Obama administration's apparent failure to justify Obamacare mandate

Legal opponents to the Obama administration's controversial contraception mandate surmise that the Obama knew that he was on shaky constitutional ground.

Attorney Mark Rienzi

On February 17, the Obama administration filed its first legal response to Belmont Abbey College’s lawsuit challenging the controversial contraception mandate, according to The Becket Fund for Religious Liberty, which represents Belmont Abbey in this case. The Obama administration had their first opportunity to explain to the court and the country why the mandate is not illegal and unconstitutional, and it seems like an epic fail.
 
“You might have expected them to argue that we don’t have a constitutional claim,” Mark Rienzi of the Becket Fund told The Cardinal Newman Society. “But instead they said ‘hey didn’t you hear we may fix it someday?’” Rienzi called it “really cynical” to have a law on the books but then argue that the court shouldn’t look at the law, because the administration said they’d fix it some day in the future.
 
He said he suspected that the administration knew they were on shaky legal ground when the lawyers kept asking for extensions while the politicians kept holding press conferences. He said that the administration’s promise to change the law in the future doesn’t stand up to constitutional scrutiny. “Apparently, the administration has decided that the mandate, as written and finalized, is constitutionally indefensible,” said Hannah Smith, senior counsel at The Becket Fund. “Its only hope is to ask the court to look the other way based on an empty promise to possibly change the rules in the future.”
 
The administration’s legal filing is based on President Obama saying at a press conference last week that the rules may be changed in the future. But the Becket Fund points out that what’s said at a press conference is not legally binding and does nothing to change the law on the books.
 
“Promises, promises.
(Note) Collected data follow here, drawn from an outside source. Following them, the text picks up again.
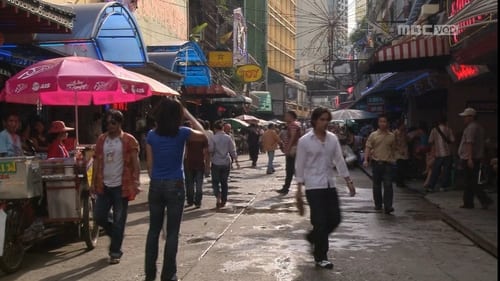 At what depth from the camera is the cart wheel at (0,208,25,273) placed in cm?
648

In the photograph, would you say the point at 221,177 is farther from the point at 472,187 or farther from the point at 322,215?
the point at 322,215

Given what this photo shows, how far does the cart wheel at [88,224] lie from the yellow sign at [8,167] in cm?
133

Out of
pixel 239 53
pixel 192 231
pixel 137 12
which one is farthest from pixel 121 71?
pixel 239 53

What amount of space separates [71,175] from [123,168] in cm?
83

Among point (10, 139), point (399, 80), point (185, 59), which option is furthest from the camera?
point (185, 59)

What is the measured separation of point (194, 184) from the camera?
12227 mm

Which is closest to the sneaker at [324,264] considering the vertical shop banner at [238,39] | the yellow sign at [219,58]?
the yellow sign at [219,58]

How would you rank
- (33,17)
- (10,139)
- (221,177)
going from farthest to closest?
(221,177) → (33,17) → (10,139)

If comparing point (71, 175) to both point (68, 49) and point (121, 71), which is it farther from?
point (68, 49)

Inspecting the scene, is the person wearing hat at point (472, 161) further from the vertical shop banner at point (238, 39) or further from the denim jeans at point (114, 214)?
the vertical shop banner at point (238, 39)

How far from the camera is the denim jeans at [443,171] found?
45.6ft

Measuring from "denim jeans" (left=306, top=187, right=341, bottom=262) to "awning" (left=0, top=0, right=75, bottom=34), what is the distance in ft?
15.6

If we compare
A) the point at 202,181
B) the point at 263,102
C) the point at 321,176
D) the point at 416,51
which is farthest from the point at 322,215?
the point at 263,102

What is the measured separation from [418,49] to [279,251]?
7640mm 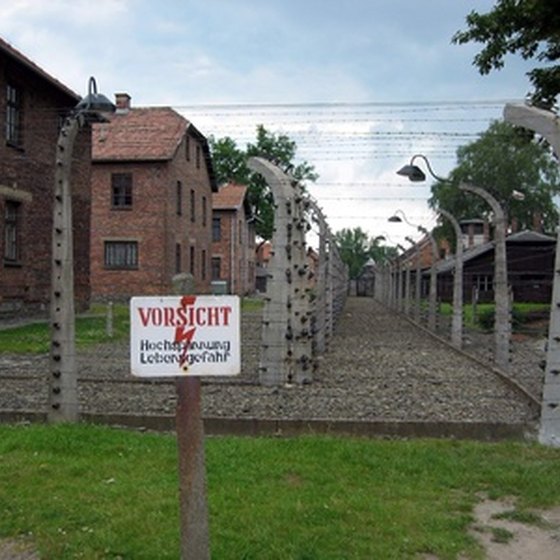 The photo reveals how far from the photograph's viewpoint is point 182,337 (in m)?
3.65

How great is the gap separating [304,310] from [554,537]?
665 cm

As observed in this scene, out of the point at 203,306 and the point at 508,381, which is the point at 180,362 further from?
the point at 508,381

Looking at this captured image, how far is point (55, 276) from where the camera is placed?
309 inches

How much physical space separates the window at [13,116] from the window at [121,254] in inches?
567

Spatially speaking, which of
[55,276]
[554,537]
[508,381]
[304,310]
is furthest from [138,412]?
[508,381]

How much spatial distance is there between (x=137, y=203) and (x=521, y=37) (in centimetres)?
2414

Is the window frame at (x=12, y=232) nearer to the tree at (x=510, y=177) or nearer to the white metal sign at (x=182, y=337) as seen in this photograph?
the white metal sign at (x=182, y=337)

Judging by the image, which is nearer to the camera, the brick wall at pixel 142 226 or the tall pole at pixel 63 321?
the tall pole at pixel 63 321

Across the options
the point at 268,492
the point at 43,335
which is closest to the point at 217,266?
the point at 43,335

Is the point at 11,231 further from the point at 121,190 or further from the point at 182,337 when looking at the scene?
the point at 182,337

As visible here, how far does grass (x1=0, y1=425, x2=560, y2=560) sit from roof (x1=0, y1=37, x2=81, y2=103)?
15.5 meters

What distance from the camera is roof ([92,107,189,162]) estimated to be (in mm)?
35875

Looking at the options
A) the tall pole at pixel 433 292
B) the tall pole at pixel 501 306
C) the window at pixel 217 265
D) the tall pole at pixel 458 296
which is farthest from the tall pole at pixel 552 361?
the window at pixel 217 265

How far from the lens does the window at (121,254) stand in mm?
36562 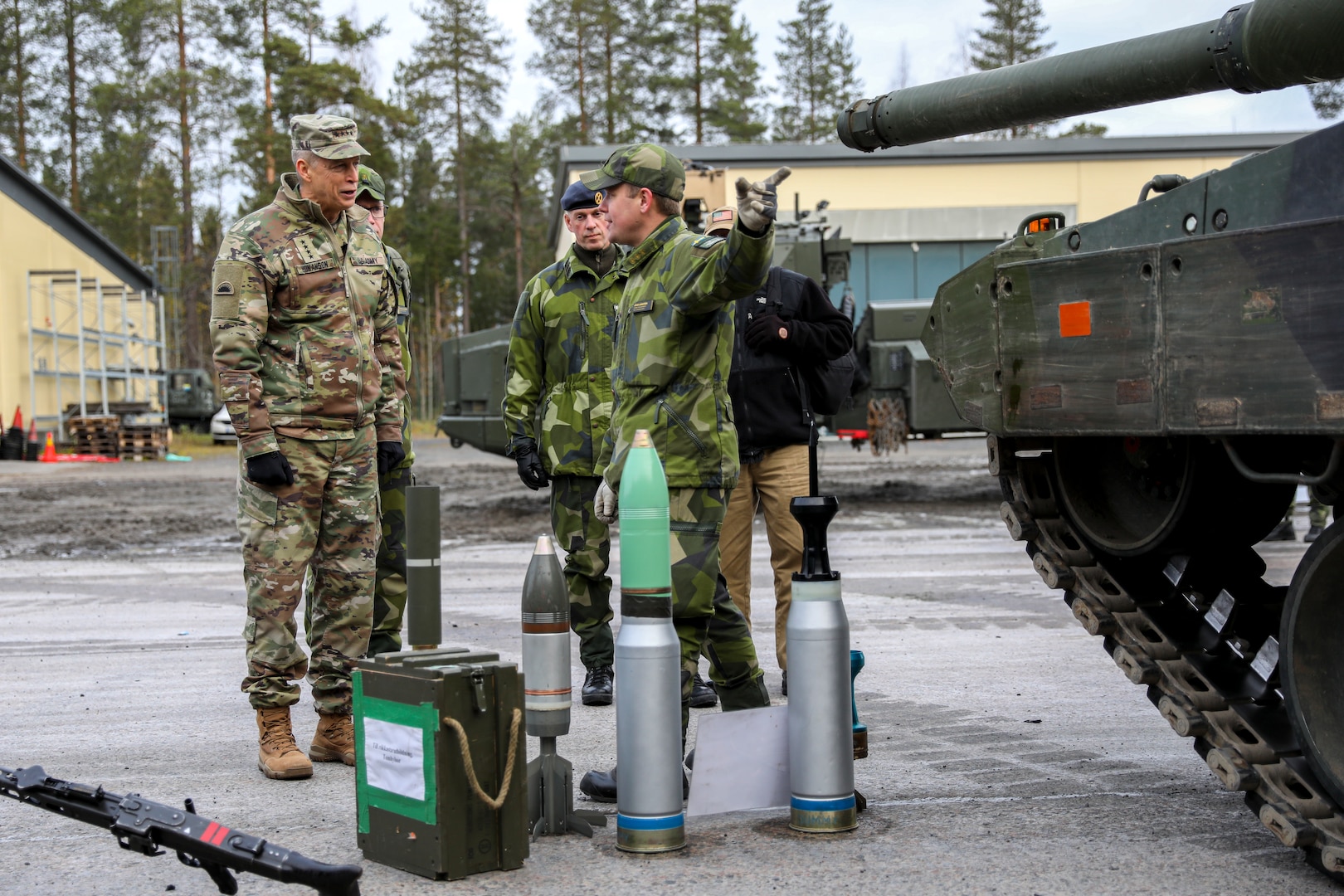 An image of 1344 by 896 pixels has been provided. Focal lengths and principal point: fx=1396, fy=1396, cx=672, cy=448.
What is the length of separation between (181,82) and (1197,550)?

The Administration is taking the remarkable position that announcing future plans at a press conference means the courts should ignore what the law on the books actually says,” added Smith. “Since when does ‘Trust me, I’m from the government’ suspend the laws of the land?” Smith added, “If this is the best the administration can do to defend its mandate, it won’t last long.”
 
The Becket Fund for Religious Liberty is a non-profit, public-interest law firm dedicated to protecting the free expression of all religious traditions.